Sepsis caused by organisms transmitted during, or shortly before, labour is relatively uncommon in higher income countries with GBS screening programs; the incidence is now around 0.3 cases per 1000 live births, but varies, it may be as high as 10 times that, or as low as 0.1/1000. GBS remains the commonest organism, with E Coli close behind, followed by Strep viridans, and then a host of other bugs. Early identification and treatment is the key to good outcomes.

We can think of this in 2 ways; a risk of 1 case for every 2000 births is a very low risk.
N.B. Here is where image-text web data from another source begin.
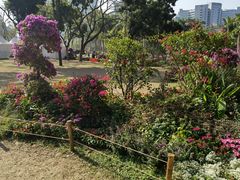 -莲花山公园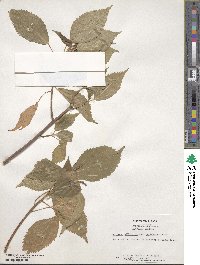 Acalypha wilkesiana image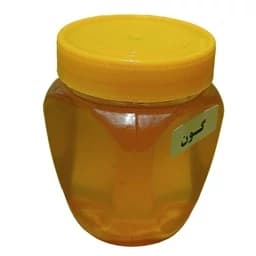 عسل گون یک کیلویی | عسل طبیعی و خالص از گیاه گون — تصویر ۲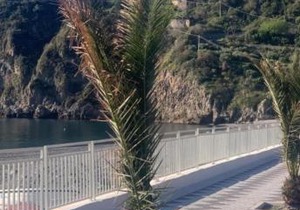 Casa vacanze STEVIA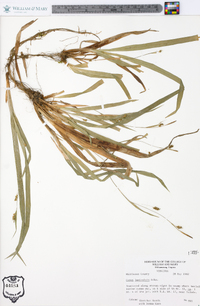 Carex laxiculmis image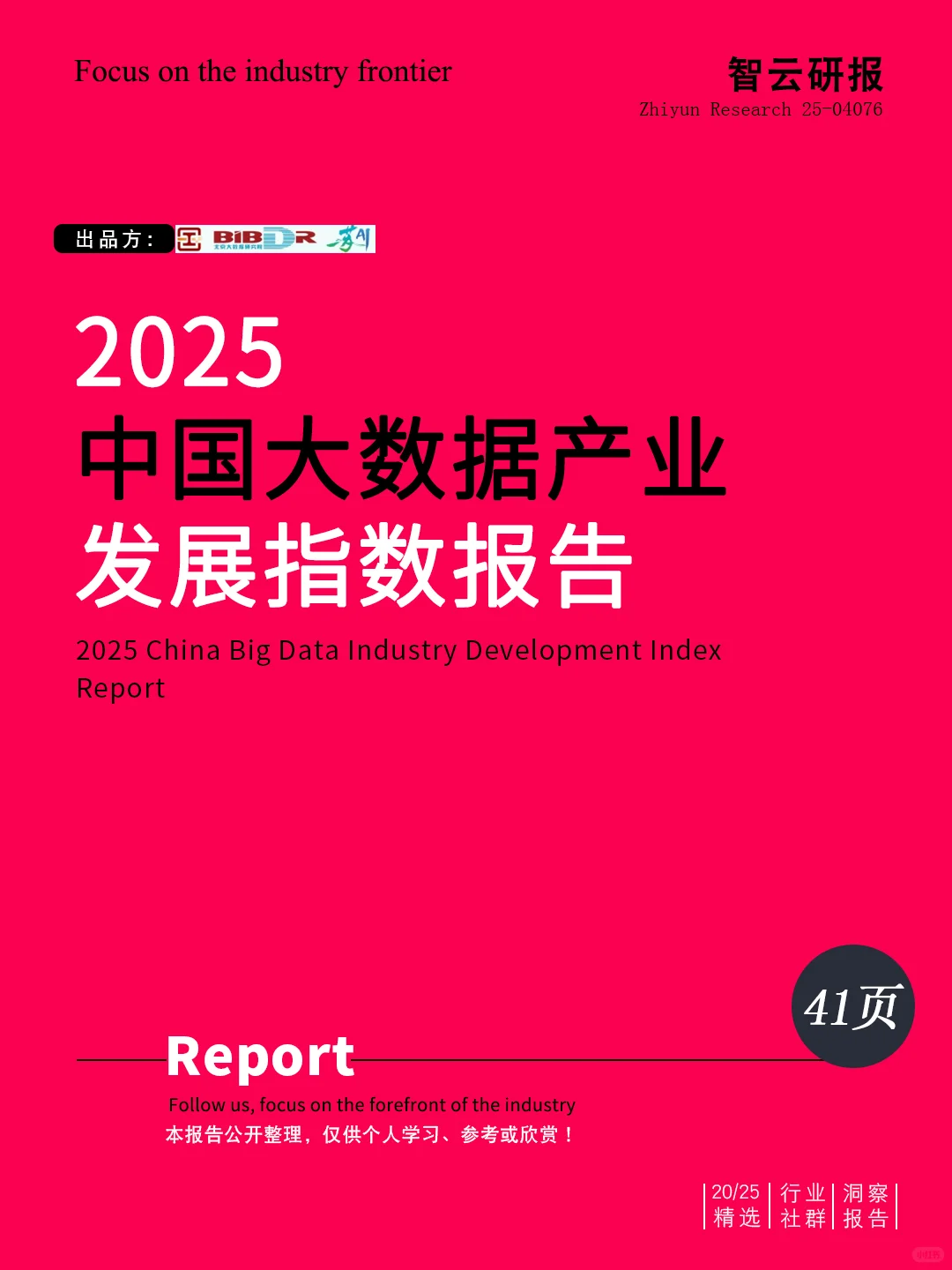 🧱✨解读2025中国大数据产业发展指数报告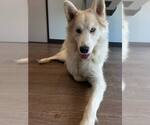 Small #1 Siberian Husky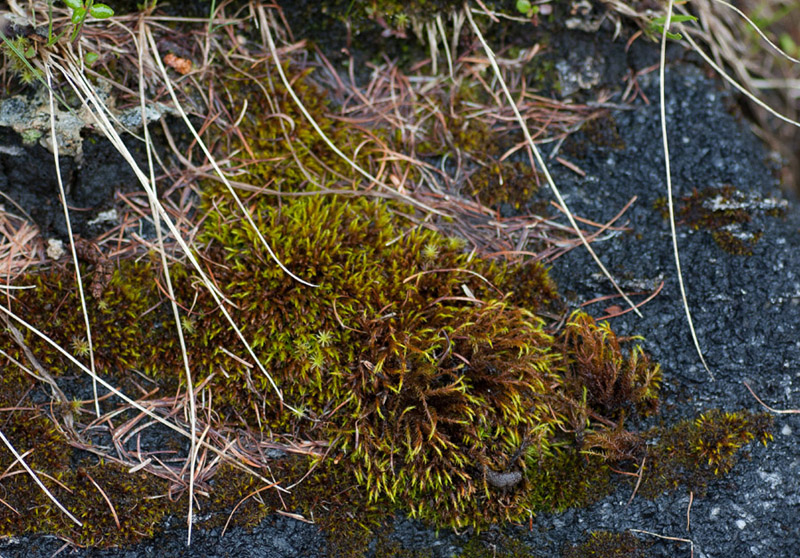 Schistidium canadense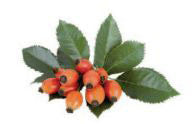 Rose Hips 1 oz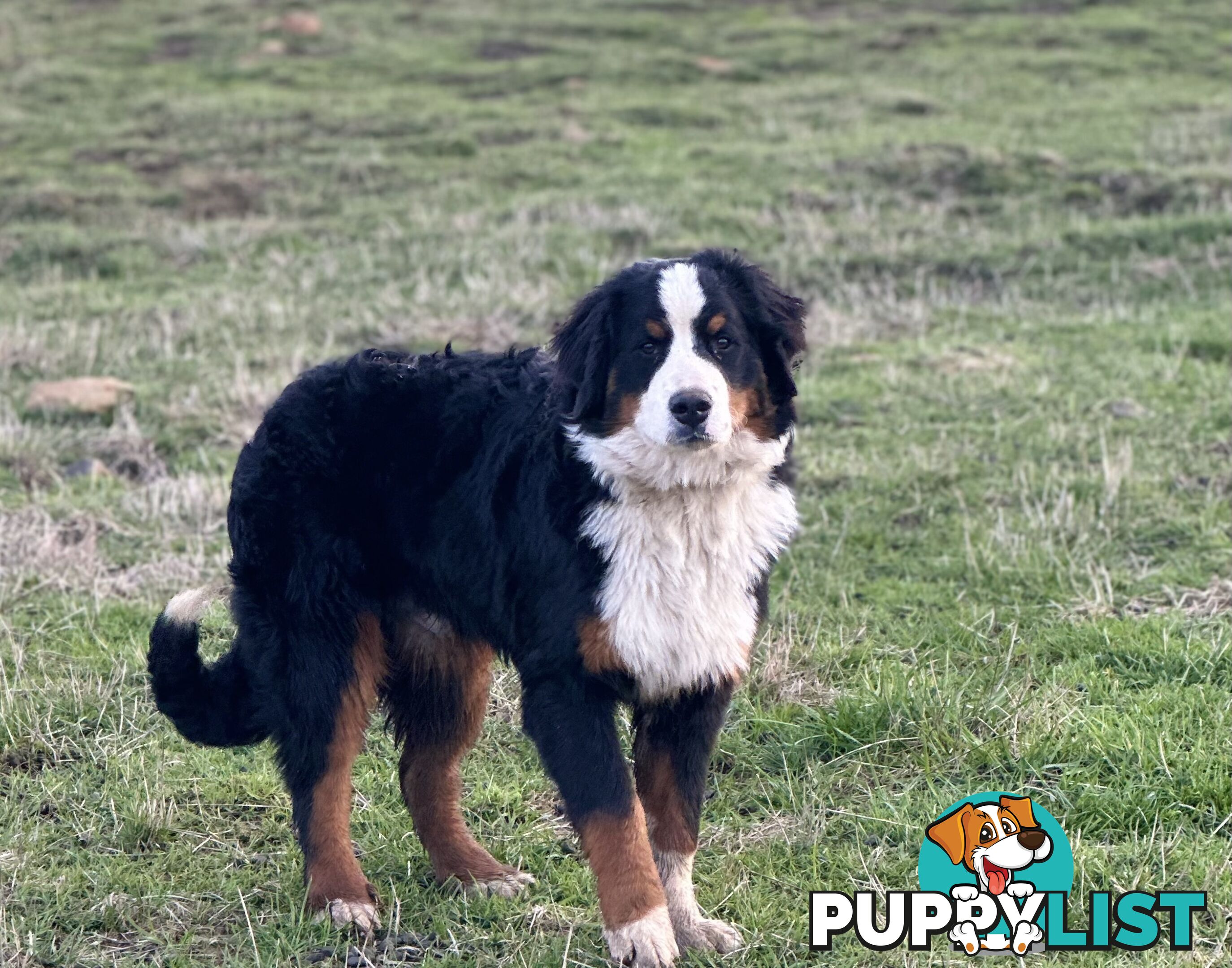 Bernese mountain dog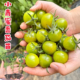 绿色小番茄青口蜜苗西红柿樱桃番茄圣女果秧阳台盆栽庭院口感甜脆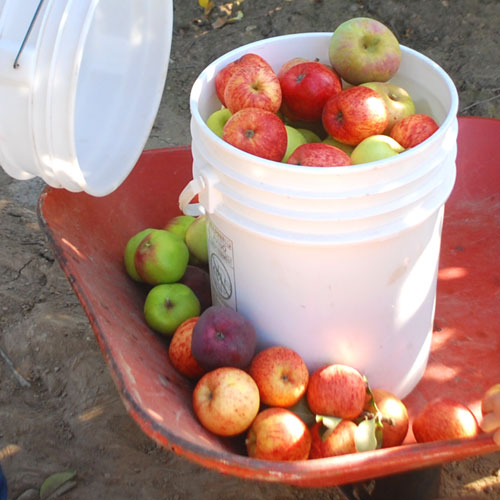 Apple Picking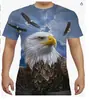 Serie de Ropa para Hombre Popular Animal Color Transfronteriza Europea y Americana 2024 Camiseta 3Dt Impresión Digital Cuello Redondo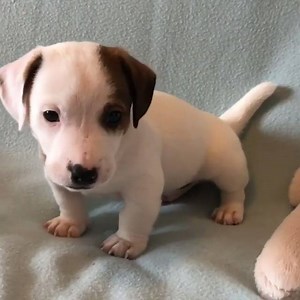 51K views · 946 reactions | Cute Jack Russell puppy! Instagram: @jack_russell_puppies17 | BuzzSharer Jack Russells | Facebook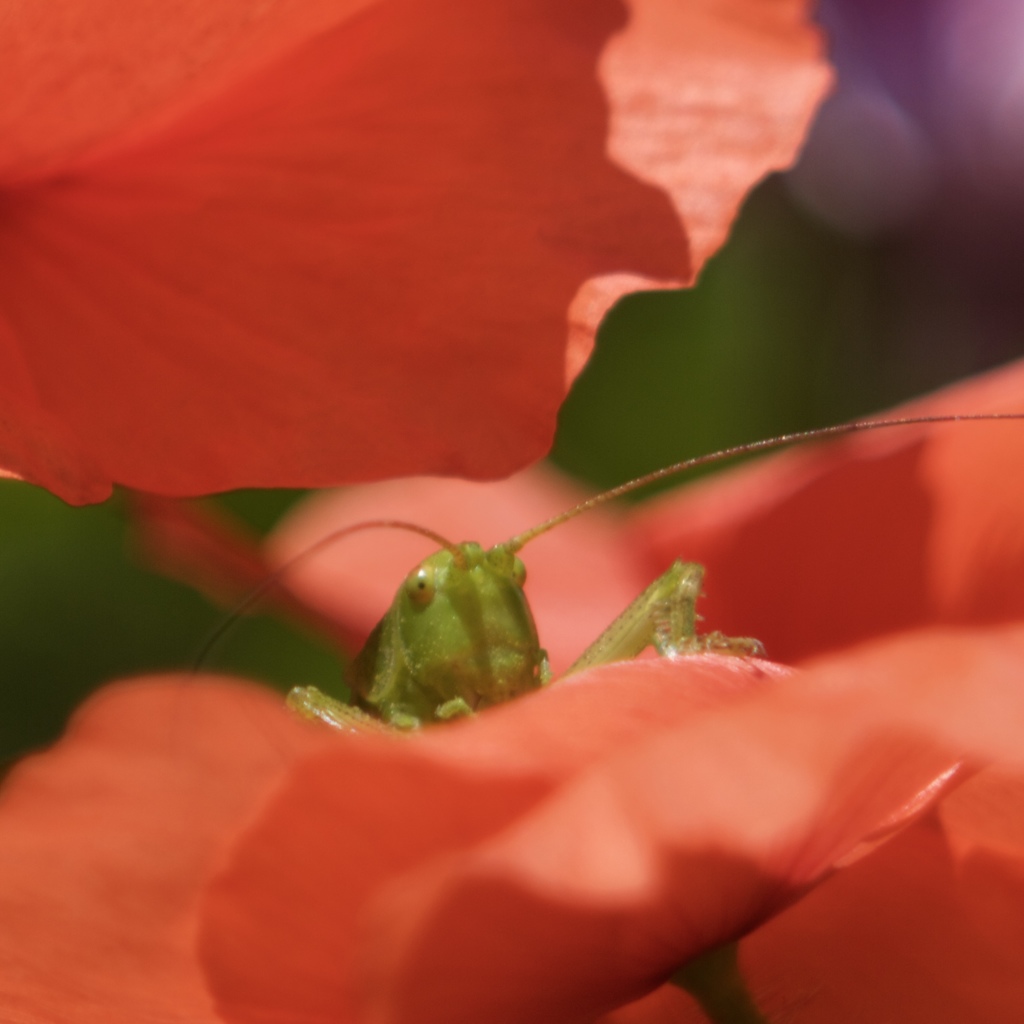 花の視線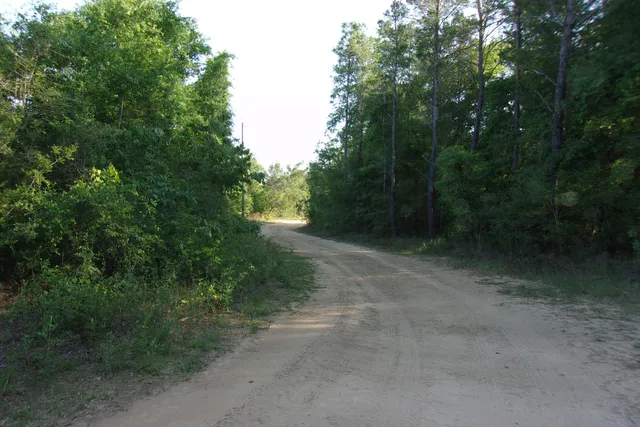 a view of a forest with trees in the background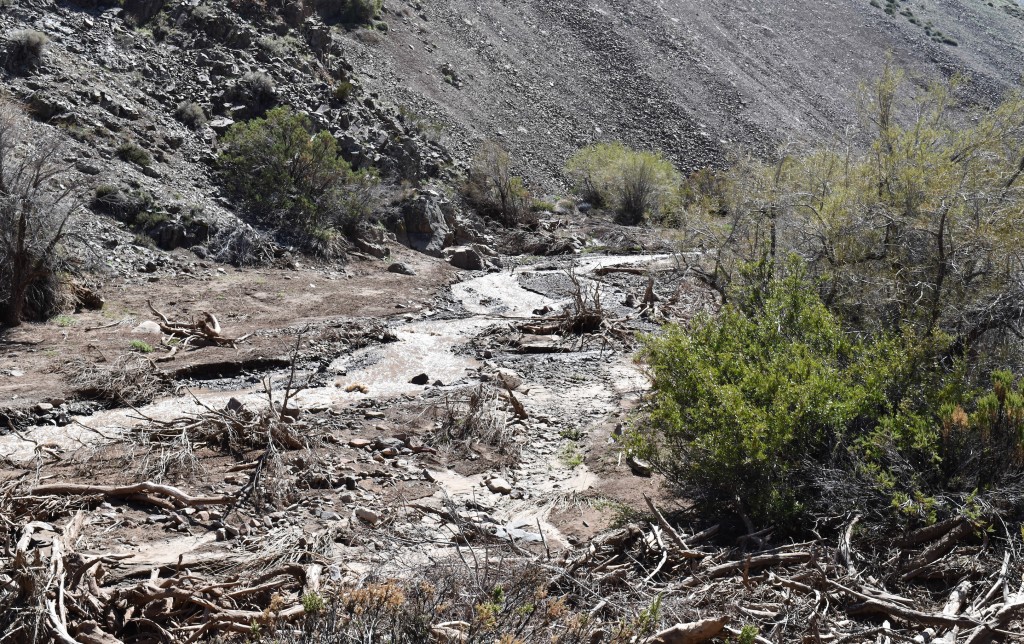 Estero Chalaco 1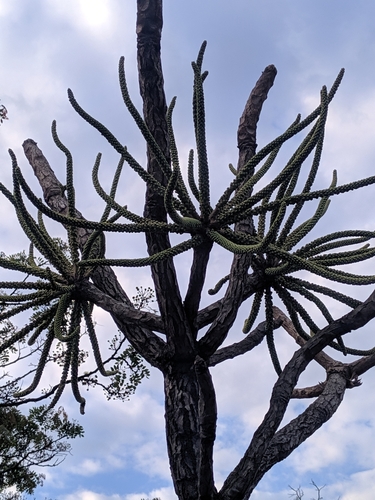 Cussonia holstii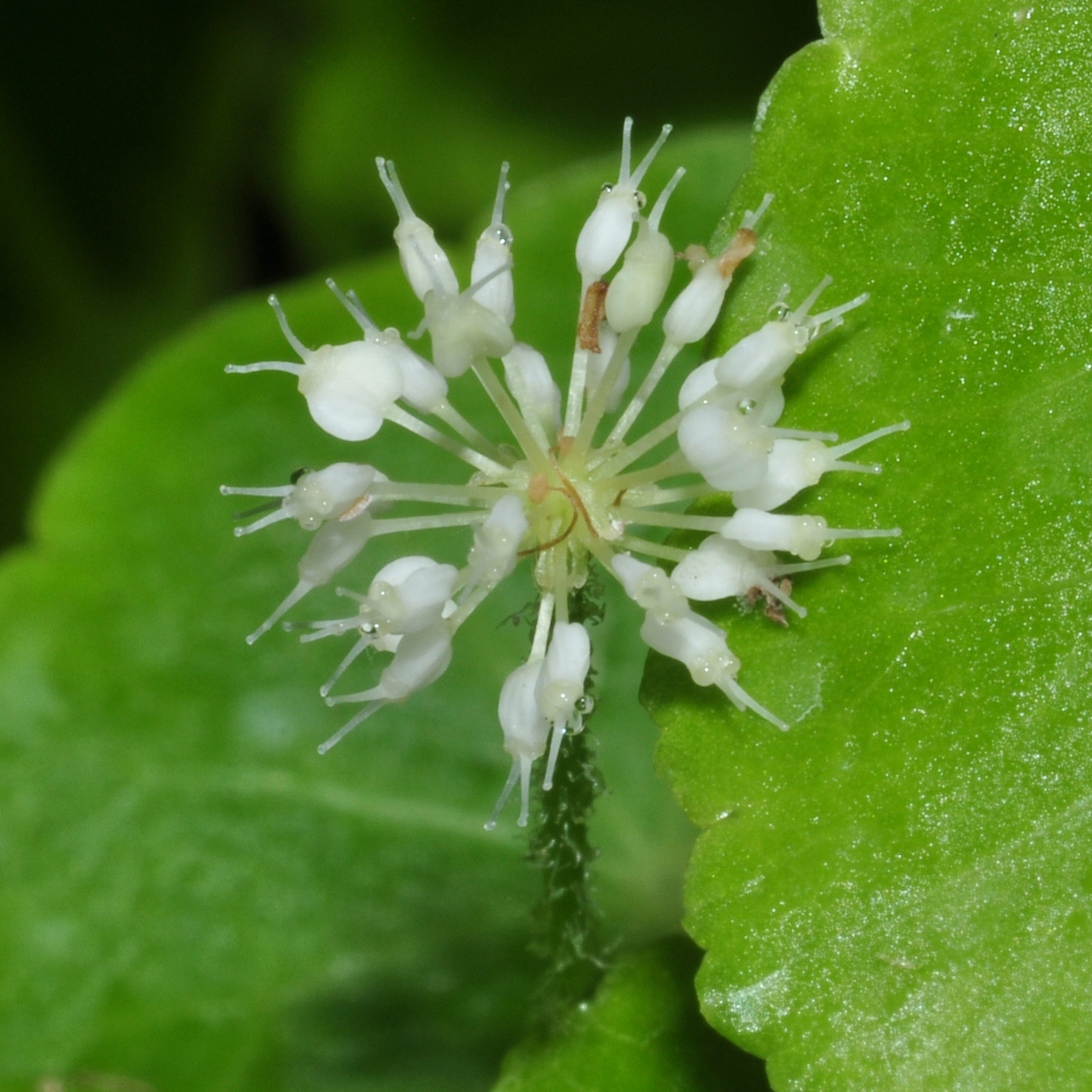 Araliaceae Hydrocotyle leucocephala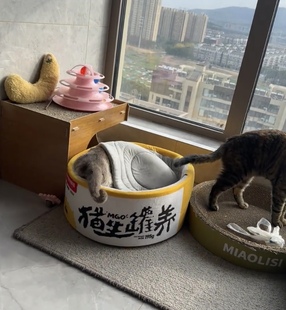 安全感可拆卸猫床罐头猫窝封闭式 通用款 猫窝狗窝宠物用品四季 新款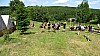 DSC04773.jpg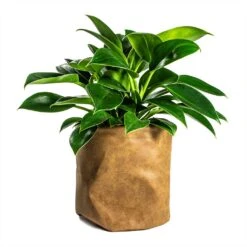 Philodendron Erubescens Green Princess -Plant Supplies Sale Philodendron erubescens Green Princess 12x25cm Plant Pot Juna Cognac 25x25cm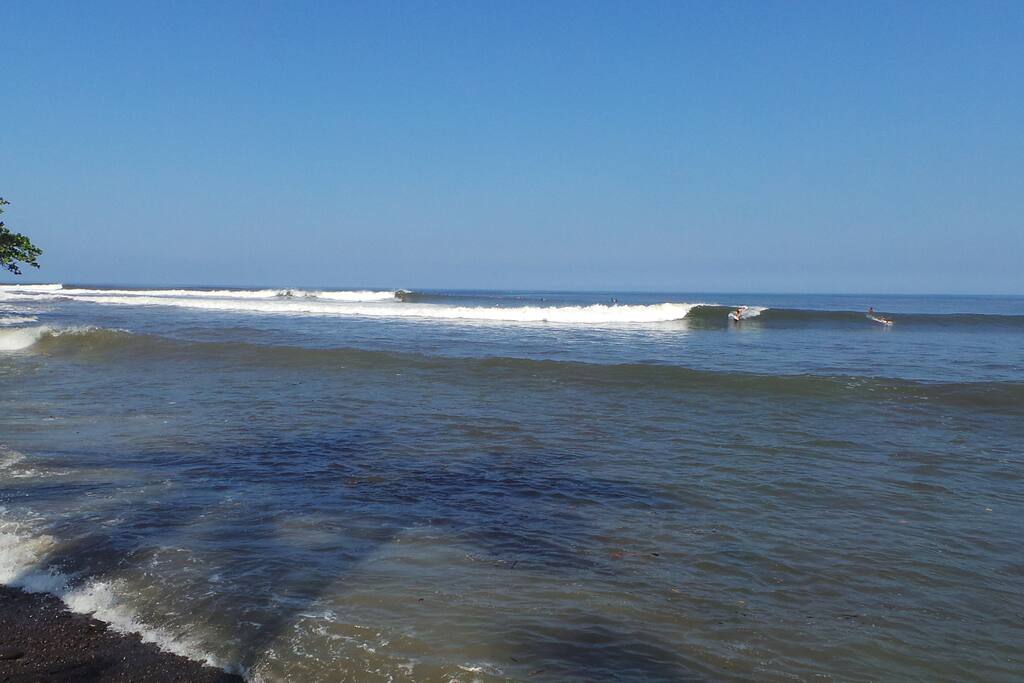 Medewi Point one of natures wonders. Goofy footer paradise.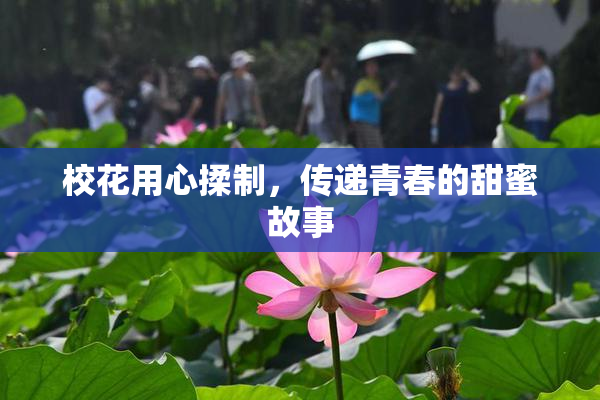 校花用心揉制，传递青春的甜蜜故事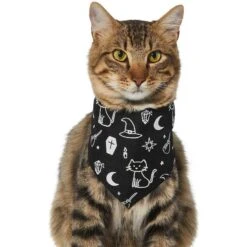 Frisco Glow In The Dark Mystical Print Dog & Cat Bandana -Cat Toy Shop 261218 PT2. AC SS1800 V1633086982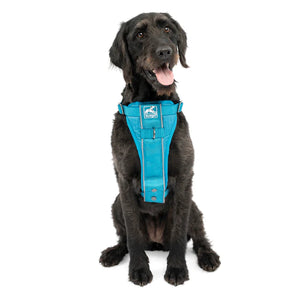 Kurgo Enhanced Strength Tru-Fit Car Dog Harness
On the other hand it is an identifiable 72 hours of life with the highest incidence of sepsis that one will ever have! In general terms, about half of the cases have no identifiable risk factors, and about half the cases occur in babies with a risk factor or a combination of risk factors: chorioamnionitis (or “triple-I”); maternal fever; prolonged rupture of membranes; obstetric procedures; a previous baby with GBS.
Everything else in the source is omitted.